There is the No. 5 or No. 6 subway, but their closest stops are nearly a 20-minute bus ride away, and though there is also an express bus from midtown, its scheduled 45-minute run is seldom achieved. On a bad day, or if you get stuck during rush hour, you can forget it.

Residents are so excited about news that Metro-North is close to approving construction of a Co-op City station. Not surprisingly, the board, shortly after being briefed on the plan by railroad officials, quickly passed a resolution supporting the project.

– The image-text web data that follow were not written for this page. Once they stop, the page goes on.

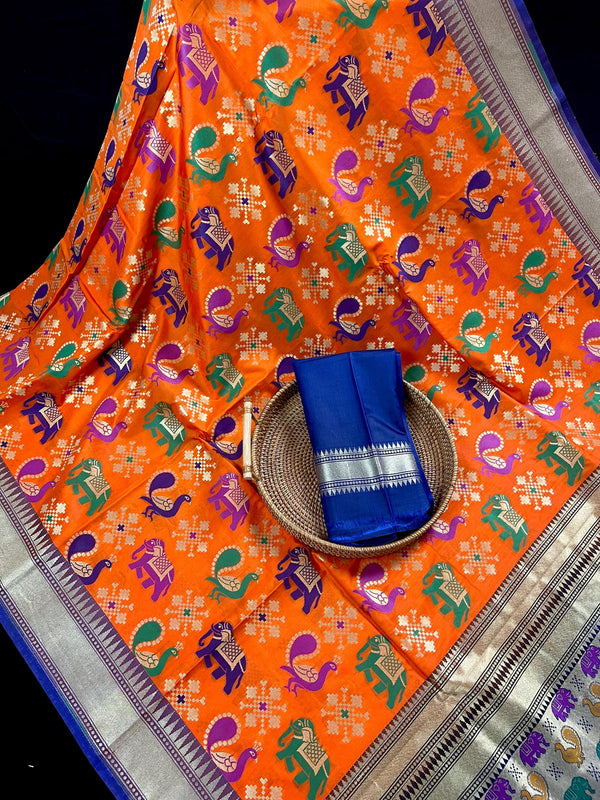 Orange and Blue Color Traditional Banarasi Handloom Soft Silk Saree - Elephant and Peacock Motifs with Meenakari - Temple Border - Kaash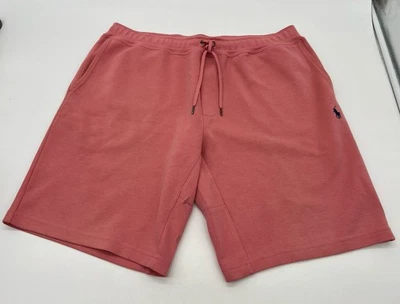 Shorts Polo Ralph Lauren masculino tamanho XL rosa malha dupla Tech lã 9”. - Imagem 1 de 4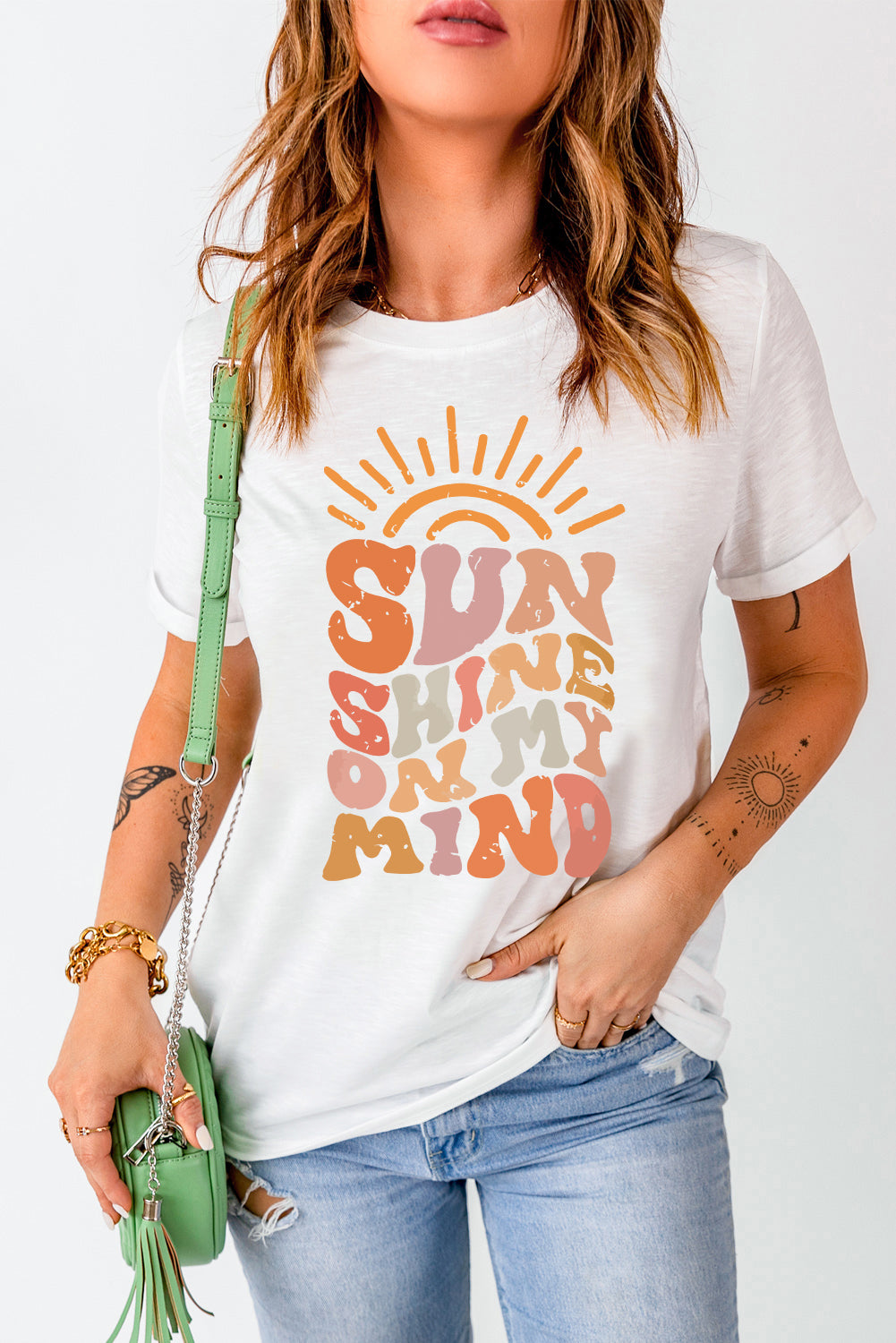 White Sun Shine On My Mind Crew Neck Graphic Tee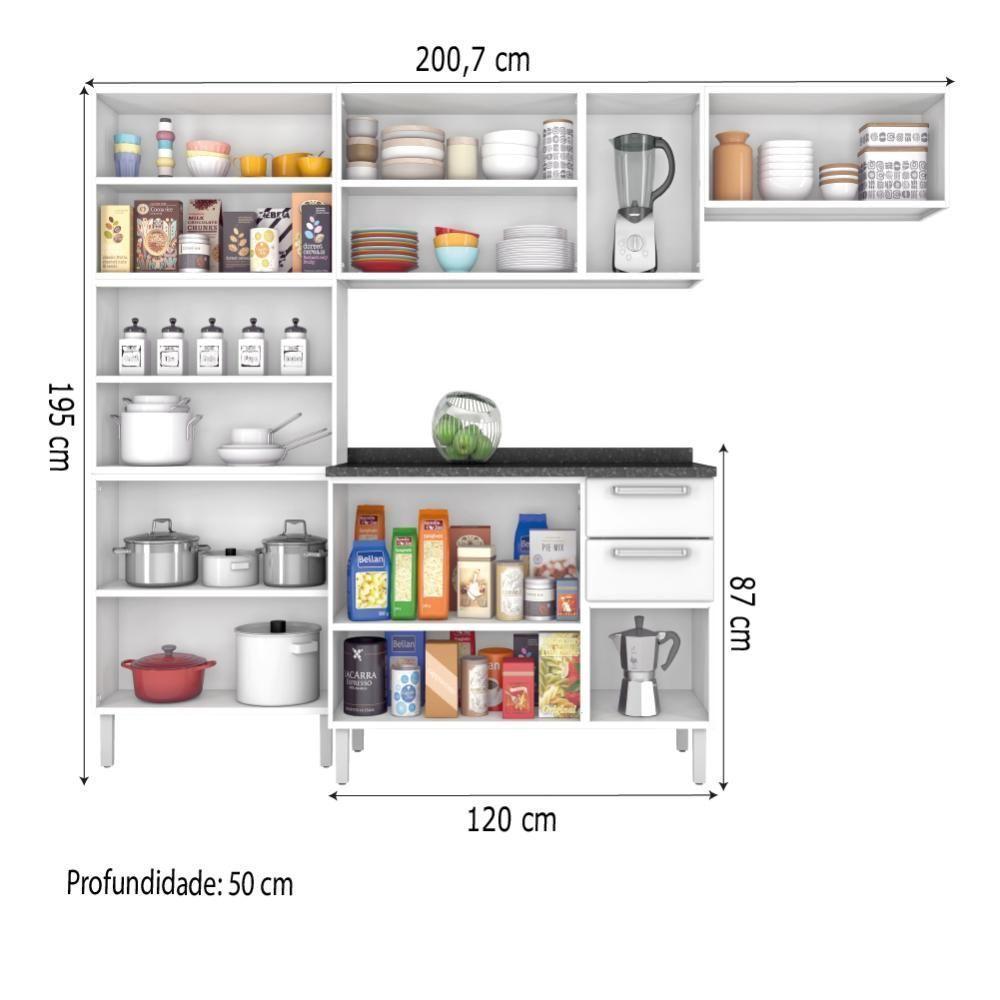 Armário Cozinha Completa Itatiaia Tarsila De Aço 13 Portas 2 Gavetas Branco Branco - 4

The response in three other east Bronx neighborhoods that could also get stations has also been enthusiastic, and with good reason. The idea of adding stations along the Amtrak line that runs out of Penn Station and links up with Metro-North's New Haven line in New Rochelle has been a dream of many for years. Only recently, however, pushed by Borough President Ruben Diaz Jr. and others, has the idea really gathered steam.

In the Bronx, the potential benefits loom large. Just last month, in a formal pitch to the City Council Transportation Committee, the borough president pronounced the plan to be the "most important transportation investment in the Bronx since construction of the subways during the early 20th century."

His speech came less than a year after Metro-North submitted an environmental assessment to the Federal Transit Administration on the possibility of adding stops in Co-op City, Morris Park, Parkchester and Hunts Point—a project that also has the appeal of being relatively cheap. The total cost is expected to be about $350 million, a mere drop in the transit bucket compared with the Second Avenue subway's $5.3 billion tab and the $2 billion being spent merely to extend the No. 7 train a bit deeper into the West Side.

What's more, the new stations in the Bronx would not just make life easier for residents in places like Co-op City. The proposed Morris Park station would be located just a few blocks from four major hospitals: Montefiore Medical Center, the Albert Einstein College of Medicine, Jacobi Medical Center and Calvary Hospital.

Montefiore alone employs 17,500 people, a third of whom commute from outside the Bronx. It also draws nearly a half-million patients and countless family members and friends each year.

Another stop down the line, the station at Hunts Point would ease access to the sprawling Hunts Point Terminal Market, the largest food distribution center on the East Coast. The market is currently served by the No. 6 train, which has a stop a half-mile away.

"I think it's a fabulous idea," said Myra Gordon, executive administrative director at the Hunts Point Produce Market, pointing out, there are about 600 small businesses on the Hunts Point peninsula, all of which could benefit from easier access for customers and employees. The produce market has roughly 7,000 employees, a third of whom commute from beyond the Bronx.

In fact, according to Metropolitan Transportation Authority data, the Bronx has the highest reverse-commute rate in the country, with people streaming out of the city's only mainland borough to suburban locales in Westchester and Connecticut.

"This is a vastly underserved area," said Jim Cameron, chair of the Connecticut Rail Commuter Council. "There are jobs here that are going wanting that could easily be filled by people who live in the Bronx if they could get here easily and affordably."

Talk to most public officials, and the new project seems like a slam-dunk.

"This is such a big bang for your buck," a Metro-North spokesperson said. "The tracks are already there, all you'd have to do is build the stations and purchase a few locomotives."

Unfortunately, there is one other piece of the puzzle that must be put in place first—and it is a big one. The plan is for the new trains to run all the way to Penn Station, which cannot happen until the $8 billion-and-counting East Side Access project is finished in 2018, at the earliest.

In the meantime, Kellie Terry-Sepulveda, executive director of the Point Community Development Corp., while delighted about the stop, is worried nonetheless that its arrival could drive up local real estate prices and possibly drive out small business owners.

"I challenge us to figure out how this will help people who are renters and not owners," she said. "I'm hoping it will be carefully addressed."